Кэстербридж в этом романе, так же как и в других произведениях Гарди уэссекского цикла, – это Дорчестер, где Гарди учился и начинав свою карьеру архитектора и строителя. Он описан со вкусом и любовью. Развалины римского амфитеатра, одного из лучших, по словам Гарди, из сохранившихся в Британии с давних времен, старые здания, тенистые улочки, рынок, амбары, окрестности – все это органично вписывается в текст романа, пополняя собой «топографию Уэссекса», создаваемую Гарди.
Действие романа начинается во второй половине 20-х гг. XIX в., но продолжается в 40-х гг. В предисловии к роману автор указывает на то, что в основу сюжета им положены реальные события, среди которых он отмечает «плохие урожаи, которые непосредственно предшествовали отмене хлебных законов». Речь идет об отмене хлебных законов в 1846 г., регулировавших высокие цены на хлеб на внутреннем рынке. Битва между Хенчардом и Фарфрэ разворачивается перед самой отменой законов, что придает ей особую ожесточенность.

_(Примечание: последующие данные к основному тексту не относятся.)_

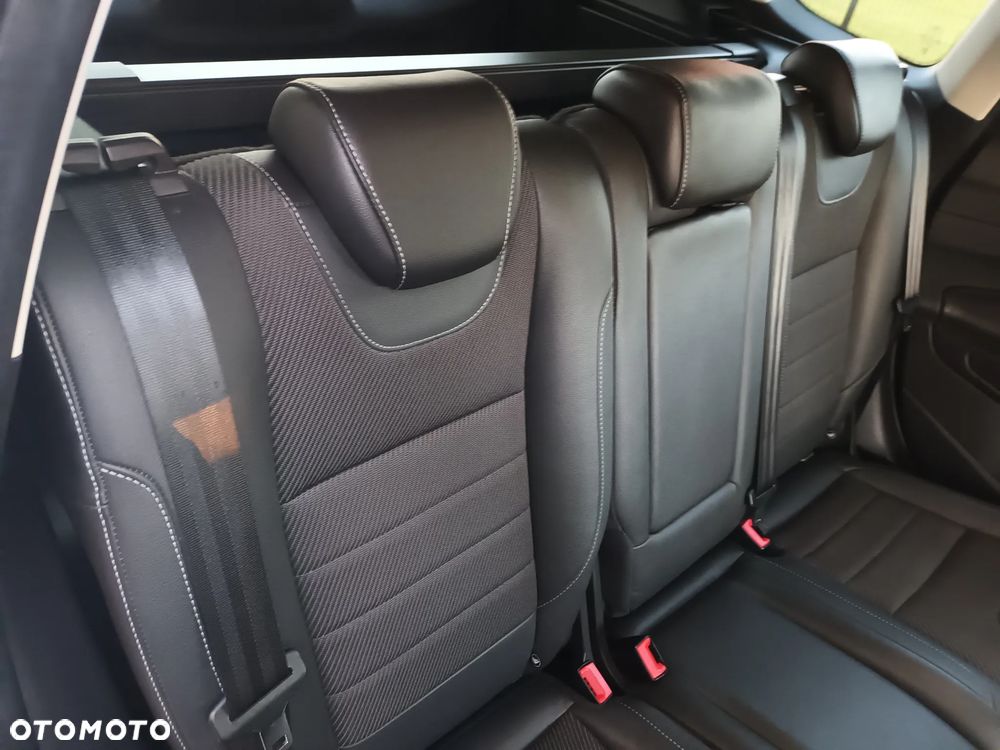 Ford Kuga 1.6 EcoBoost 2x4 Titanium - 35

В этих вполне реальных исторических обстоятельствах и разворачивается трагическая история Хенчарда, которую Гарди осознает прежде всего как трагедию характера. Именно особенностями характера Хенчарда объясняется и продажа им жены вместе с ребенком в начале романа, поведшая впоследствии к целому ряду драматических событий, и его возвышение до мэра города и богатого торговца зерном, и его конечное падение. Однако, как ни педалирует Гарди один аспект – характер, мы не можем не заметить важность и другого аспекта – обстоятельств, которые Гарди, несмотря на свои субъективные установки, понимает достаточно глубоко. Если на поверхность действия выступают столкновения характеров (Хенчард и Фарфрэ) и трагическая цепь причинно-следственных совпадений, то социальный художник, каким всегда был Гарди, не мог не показать нам и глубинных сил, во многом определяющих их. Трагедия Хенчарда заключается прежде всего в том, что он человек старого типа, который принадлежит той полупатриархальной старине, которая в середине XIX в. уже осуждена на исчезновение. Фарфрэ, предприниматель нового типа, идет на смену Хенчарду, и каковы бы ни были его личные свойства, логика социально-исторического развития делает его победителем. Хенчард обречен – не только в силу своих личных особенностей, но прежде всего в силу того, что время его прошло.
То, что Гарди сумел чрезвычайно живо и убедительно показать трагедию этого характера не только как трагедию личности, пожинающей плоды своих поступков, но и как глубоко социологизированную трагедию, делает роман «Мэр Кэстербриджа» одним из самых значительных достижений писателя.